Il me semble que l’échange permet de conclure qu’il y a bien deux arbres au centre du jardin d’Eden. On y trouve tant l’arbre de vie (Gn 2,9) que l’arbre de la connaissance du bien et du mal (Gn 3,3). Et, après avoir mangé du fruit de l’arbre de la connaissance, les humains pouvaient encore manger du fruit de l’arbre de vie, ce que Dieu a voulu empêcher (Gn 3,22).
Plusieurs arbres au centre : c’est possible comme trois personnes en un seul Dieu.

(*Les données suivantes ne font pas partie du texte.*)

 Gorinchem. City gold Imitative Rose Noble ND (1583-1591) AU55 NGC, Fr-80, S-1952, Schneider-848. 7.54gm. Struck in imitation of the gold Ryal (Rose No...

Mais, Satan ne montre qu’un seul arbre et confond les deux arbres qui se trouvent au milieu du jardin d’Eden. Il montre uniquement l’arbre de la connaissance (mais il ne parle pas de l’arbre de vie qui est aussi au milieu du jardin) et il affirme que le fruit de l’arbre de la connaissance ne les empêchera pas de vivre (mais il ne parle pas de l’arbre de vie qui est donné pour faire vivre).
Satan fait croire à Adam et Eve qu’en mangeant du fruit de l’arbre de la connaissance, ils vivront éternellement (« Vous ne mourrez pas ») (Gn 3,4) sans plus avoir besoin d’entretenir et d’alimenter leur vie à l’arbre de vie, à la communion spirituelle avec Dieu.

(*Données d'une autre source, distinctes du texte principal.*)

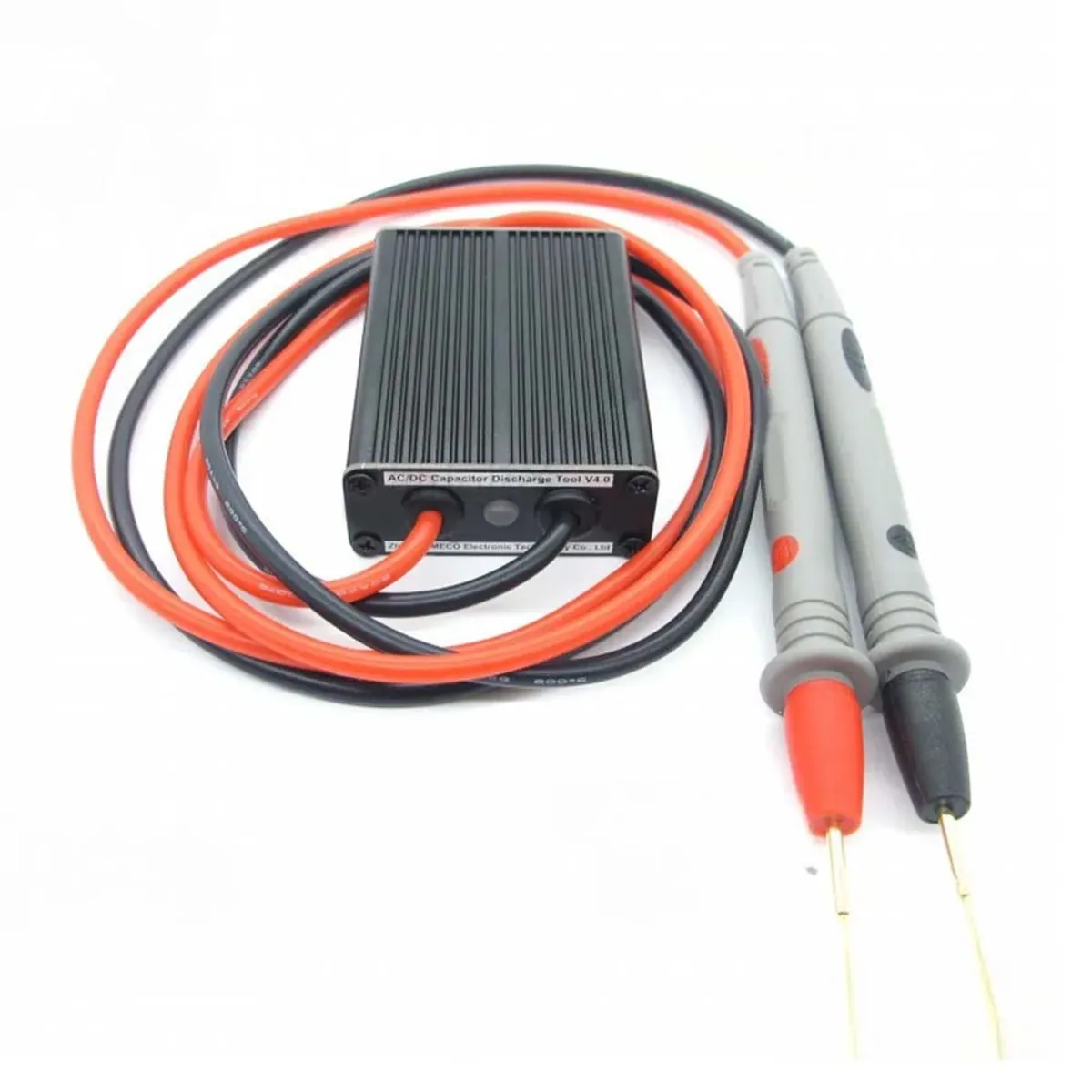 Black finned aluminium capacitor discharge tool with red and black silicone leads and grey probes with gold tips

Mais, qu’est-ce qu’un arbre dans le jardin d’Eden ?
Il faut rappeler que le mot « éden » provient du mot « adôn » qui signifie seigneur, maître. C’est le paradis, le monde surabondant de Dieu, la réalité spirituelle de Dieu.
Dans ce monde spirituel qui est de toute éternité, Dieu plante un jardin (Gn 2,8). Le mot hébreu « gan », traduit par jardin, évoque un endroit clos, limité, restreint. Ce jardin ne remplit pas tout le spirituel. Son intégration est limitée. C’est comme un endroit clos, autonome, dans un endroit plus vaste.
Le jardin ne se confond pas avec l’Eden. Il est planté dans l’Eden spirituel.
Mais, le récit nous précise expressément que les arbres de ce jardin poussent du sol terrestre, de l’adamah (Gn 2,9).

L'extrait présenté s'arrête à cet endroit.